I refer you to Chapter 55 of Miller’s Anesthesia for a detailed treatise on the assessment and management of airways, which is beyond the scope of this column. In addition to the reading of Chapter 55, I offer the following clinical pearls based on my 30 years of practice and my experience at reviewing malpractice cases involving airway tragedies:

  1. Become skilled at assessing each patient’s airway prior to anesthesia induction. Pertinent information may be in the old chart or the patient’s oral history as well as in the physical examination. Red flags include: previous reports of difficulty passing a breathing tube, a previous tracheostomy scar, morbid obesity, a full beard, a receding mandible, inability to fully open the mouth, rigidity of the cervical spine, airway tumors or masses, or congenital airway deformities.
  2. Learn the ASA Difficult Algorithm and be prepared to follow it. (asahq.org/…/ASAHQ/…/standards-guidelines/practice-guidelines-for- management-of-the-difficult-airway.pdf‎).
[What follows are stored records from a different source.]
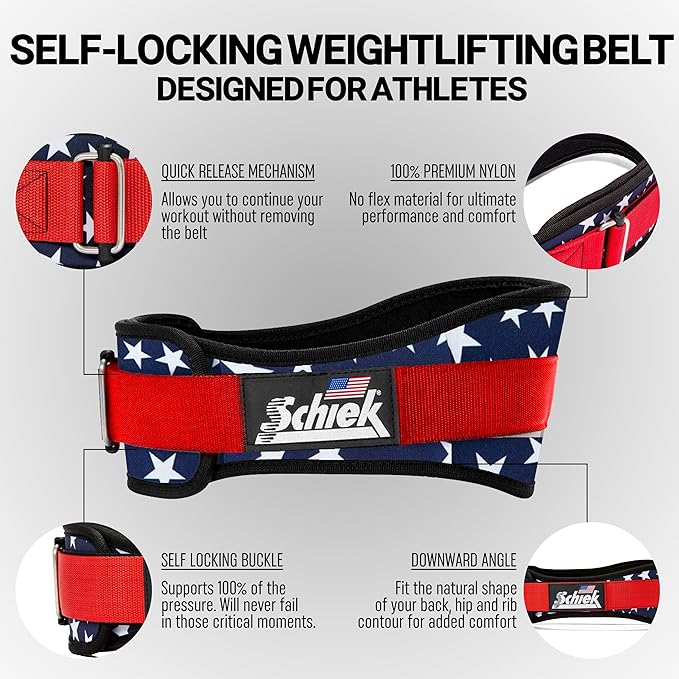 Schiek Sports 2006 Nylon 6 Inches Weight Lifting Belt - Support Belt for Power Lifting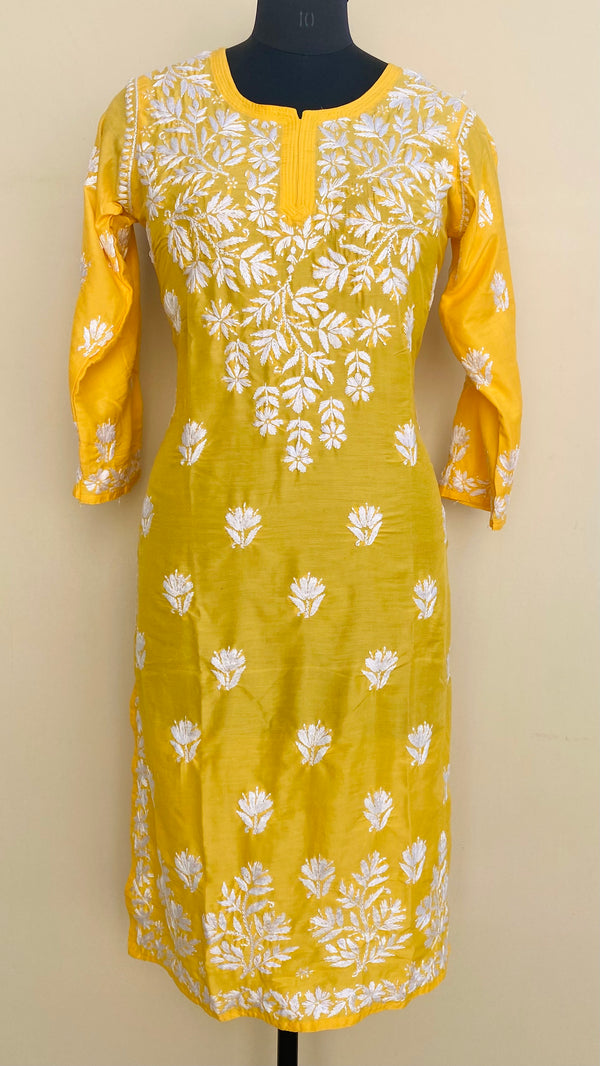 Lucknowi Chikankari Kurti Yellow Muslin Cotton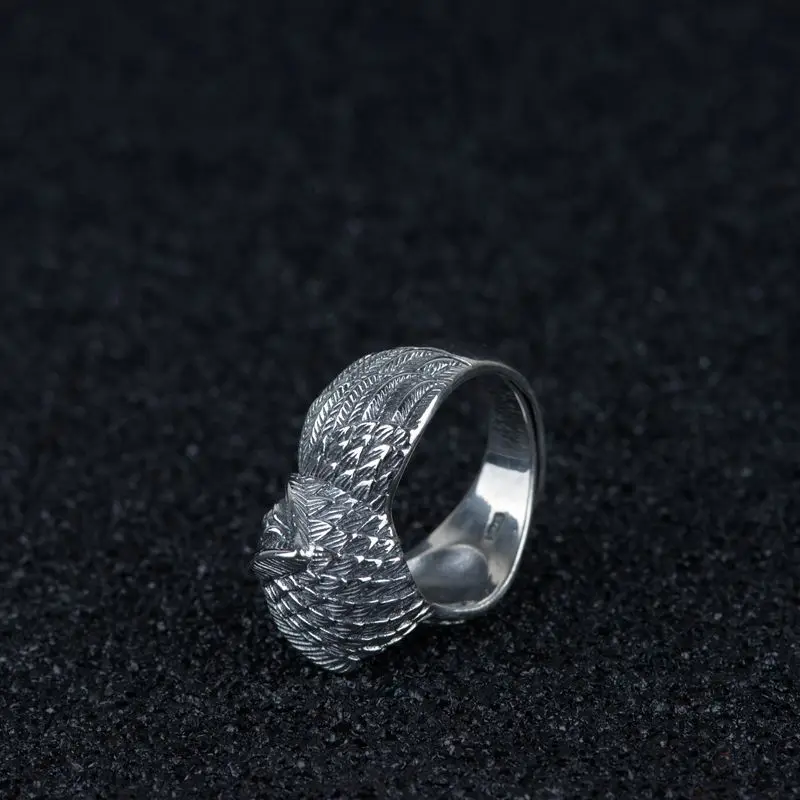 Кольцо FNJ в стиле панк, Орел, животное, сова, 925 серебро, Anillos, новая мода, S925 Стерлинговое Серебро, кольца для мужчин, ювелирное изделие, регулируемый размер, bague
  3. Become skilled with all critical airway skills, particularly mask ventilation, standard laryngoscopy, video laryngoscopy, placement of a laryngeal mask airway (LMA), fiberoptic intubation through an LMA, and awake fiberoptic laryngoscopy.
  4. Read the airway strategy recommended in the Appendix to Richard Jaffe’s Anesthesiologist’s Manual of Surgical Procedures, an approach which utilizes a cascade of the three critical skills of (A)standard laryngoscopy, (B)video laryngoscopy, and (C)fiberoptic intubation through an LMA. For a concise summary of this approach read my column Avoiding Airway Disasters in Anesthesia (http://theanesthesiaconsultant.com/2014/03/14/avoiding-airway-disasters-in-anesthesia).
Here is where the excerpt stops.